> Description of the task
Your reply should set down word for word each line below from the one with "CASH-MERE.CH Pullover |" through the final line, both included, but none of the pictures.

> Scraped caption text data
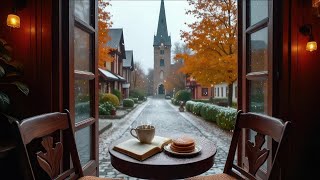 Tranquil Snowfall Morning from a Warm Café Window  Relaxing snow ambiance  meditation [upl. by Sperling]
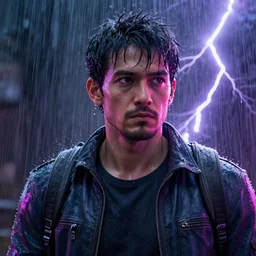realistic portrait made out of rain, neon, lightning, rendered in octane, unreal engine, character art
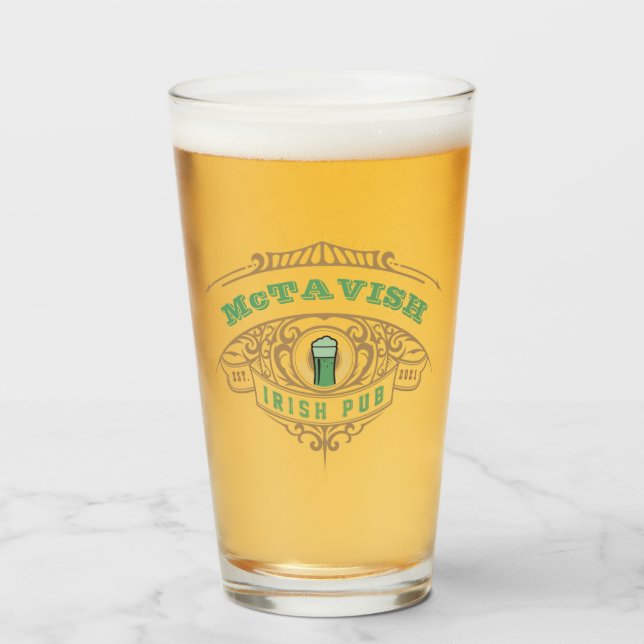 Personalisiertes Irish Pub Beer Glass Glas (Vorne (Gefüllt))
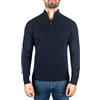 CASH-MERE.CH Pullover | Sweater | Maglione con Colletto con Cerniera da Uomo 100% Cachemire (Blu/Marina, XXL)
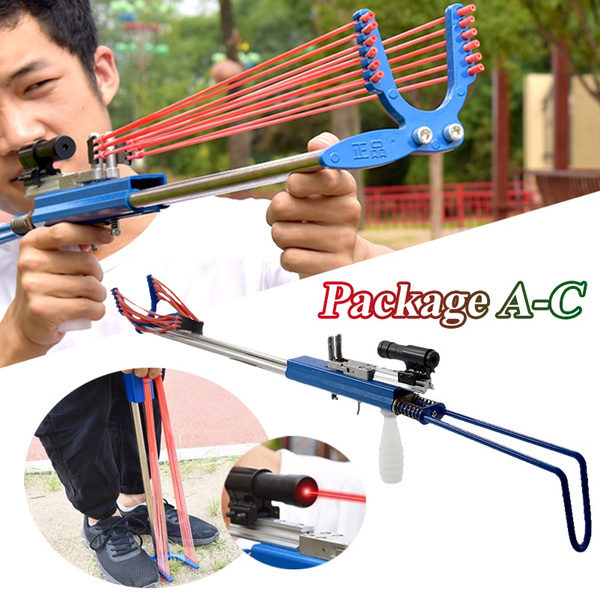 Hunting Slingshot Stainless Steel Professional Powerful Catapult with 12  Strands of Rubber Band Outdoor Shooting Sling Shot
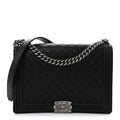 Lambskin Quilted Large Boy Flap Black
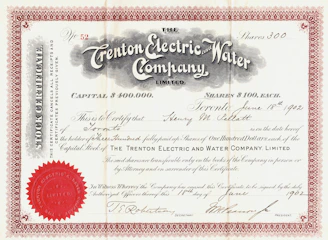 The trenton electric water company stock certificate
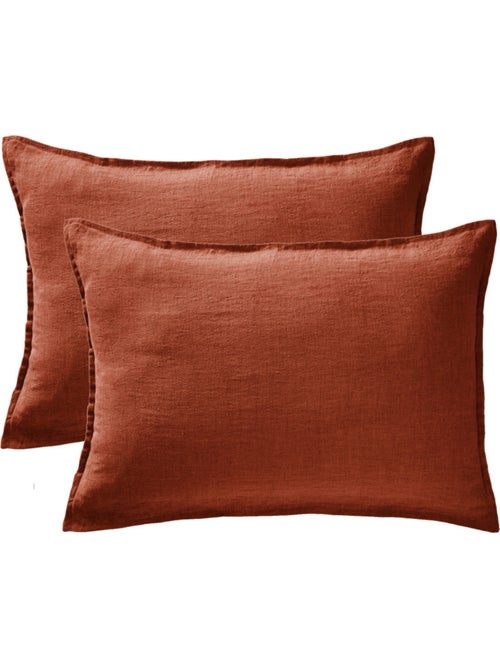 Lot de 2 taies d'oreiller "Soline" 60 x 60 cm & 50 x 70 cm "Lin lavé" - Kiabi Lot de 2 taies d'oreiller "Soline" 60 x 60 cm & 50 x 70 cm "Lin lavé" - Kiabi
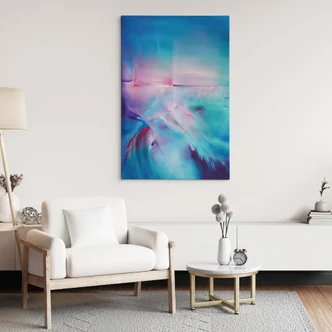 Leinwandbild Polarlicht in Türkis und Lila | Abstrakte Kunst - Schmucker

> Solution to this exercise
 CASH-MERE.CH Pullover | Sweater | Maglione con Colletto con Cerniera da Uomo 100% Cachemire (Blu/Marina, XXL)
 Hunting Slingshot Stainless Steel Professional Powerful Catapult with 12  Strands of Rubber Band Outdoor Shooting Sling Shot
 Lambskin Quilted Large Boy Flap Black
 The trenton electric water company stock certificate
 Lot de 2 taies d'oreiller "Soline" 60 x 60 cm & 50 x 70 cm "Lin lavé" - Kiabi Lot de 2 taies d'oreiller "Soline" 60 x 60 cm & 50 x 70 cm "Lin lavé" - Kiabi
 Leinwandbild Polarlicht in Türkis und Lila | Abstrakte Kunst - Schmucker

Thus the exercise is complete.